08:53 – Mainstream European newspapers are now starting to talk about the collapse of the Euro and the breakup of the EU, not just as a possibility but as something that’s likely to occur. Of course, their timeframe is wildly optimistic. I just read one article that quoted an economist as saying he estimated only a 20% likelihood that the Euro (and therefore, inevitably, the EU itself) would last in its present form for 10 years. Ten years? Give me a break. I’d estimate there’s only a 20% probability that the Euro will last in its current form for the next 90 days, and maybe a 1% probability it’ll still be around at the end of the year. In fact, it wouldn’t surprise me if the Euro and the EU crashed by the end of this month.

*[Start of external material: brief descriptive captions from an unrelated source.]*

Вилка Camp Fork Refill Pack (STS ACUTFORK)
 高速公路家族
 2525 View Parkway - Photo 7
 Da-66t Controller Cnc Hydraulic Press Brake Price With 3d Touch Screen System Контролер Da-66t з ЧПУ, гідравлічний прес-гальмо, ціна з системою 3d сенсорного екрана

Many people disagreed with me that Germany will return to the Deutschmark, or something very like it, but I still think that’s almost certain to happen. Or, if Germany decides not to go it alone, it may form a new union with Austria, Holland, Luxembourg, and Finland. I think that’s less likely than Germany going it alone, if only because Germany is now well aware of the extreme hazards of a currency union without a political union and a fiscal union, and those are not things Germans are likely to tolerate.


Work on building more chemistry kits continues. I’m filling, capping, and sealing containers and Barbara is labeling them. She can do that about twice as fast as I can do my part, so I try to get a backlog built up while she’s doing other things.